Un corto che ci proietta in un’orbita spaziale, in un movimento fluido che ci fa subito pattinare insieme ai protagonisti nella sublime danza della relazione. È una coreografia di sguardi e di carezze, la sintonia perfetta di una relazione che nutre e si rigenera. Da questa armonia nasce il desiderio, in una lucina nella pancia come promessa di vita che brilla nello spazio.
Improvvisamente questa lucina trema, si spegne e in pochi fotogrammi intravediamo qualcosa di profondamente suggestivo che viene accennato con una delicatezza disarmante ma efficace.
Le immagini ci parlano metaforicamente di quel tempo, disperato e pieno d’amore, che contiene l’incontro con il bambino morto. E così ci apre alla riflessione su quel tempo, così prezioso e così raramente concesso nelle nostre esperienze ospedaliere di lutto perinatale. Quell’incontro sigilla il legame che rende i protagonisti ancora più umani, sempre più simili a noi.
La musica si interrompe, un fotogramma di fade ci fa prendere un respiro. È la fine di un intero universo di possibilità.
La narrazione prosegue muta, non ci sono parole a definire confini nel vuoto del Cosmo. Il silenzio è assordante, seguito da note più malinconiche che ci accompagnano nel dolore e nel faticoso tentativo di ritrovarsi tra i detriti di quella stella che si è spenta troppo presto.
La loro danza riprende, ma stavolta si nota una certa disarmonia. Il lutto incrina prima lei, visivamente sopraffatta dalla frammentazione della sua luce interiore, mentre il partner tenta di reagire attraverso il movimento e l’azione.
Lui cerca di prenderla, di sostenerla, quasi volesse “portarla via” fisicamente da quel vuoto siderale che la sta inghiottendo. È l’illusione di poter proteggere l’altro dal dolore spostandolo altrove.
Tuttavia, nello spazio di Versa, non c’è un “altrove” dove fuggire. Il tentativo di lui di trascinarla via crea una tensione visibile tra la sua spinta dinamica e l’inerzia pesante di lei, che la rallenta e la immobilizza.
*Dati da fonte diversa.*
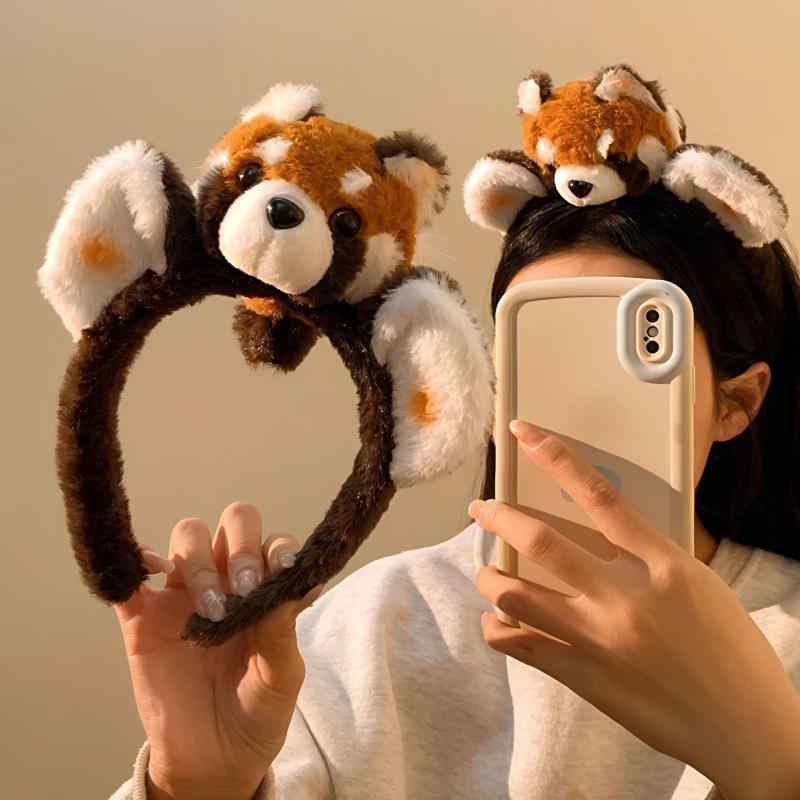 ヘアアクセサリー ユニセックス かわいい浣熊 ヘアバンド クリエイティブ カード かわいい動物 ヘアピン 毛布 ぬいぐるみ クマ 動物園 洗顔 写真撮影 ユニーク 個性 夏 手作り 腈纶素材 軽量 柔らかい コットン風 ピンク系 グレー系 ブラック系 ハ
Il braccio di lui fende il vuoto cosmico, la rabbia si intuisce. Nell’inutilità spaziale di quel gesto lui capisce che non può “scacciare via” la morte o il dolore.
La loro orbita comune si spezza. Lei risponde al bisogno primario, a quel richiamo viscerale di sostare, di restare nel punto esatto della ferita. Non è un atto di resa, ma di ascolto profondo. Nel momento in cui lei smette di fuggire e accetta la propria fragilità, le sue crepe si trasformano e iniziano a brillare.
Lui pattina via, non più con la grazia di prima, in un vagare caotico e disperato. Senza punti di riferimento, perde ogni senso di gravità.
Mentre lui vaga disperso, lei compie il gesto decisivo. Lo raggiunge, lo riporta “a terra” e lo invita a “sostare”, alla resa dolce che li vedrà di nuovo insieme, tra le macerie del lutto perinatale.
È qui che l’orbita si ricompone. Portandolo lì, lei gli permette di vedere che le proprie crepe non sono la fine, ma l’inizio di una nuova forma. Lui smette di lottare e accetta di “incrinarsi” a sua volta, permettendo all’oro della consapevolezza di fluire anche nelle sue ferite.
Solo allora la danza può ricominciare, ma non è più la danza spensierata dell’inizio; è una danza nuova, più lenta e consapevole, dove il legame è dato dalla perfezione dell’asimmetria e dalla bellezza delle ferite condivise.
L’autore non ci dice che il dolore scompare, piuttosto ci mostra che le cicatrici diventano parte dell’identità.
Il messaggio è potente: il dolore per la perdita di un figlio cambia per sempre la nostra forma. Eppure, proprio attraverso quelle cicatrici dorate, possiamo tornare a danzare, portando con noi la luce di chi non c’è più come parte preziosa e indelebile del nostro essere.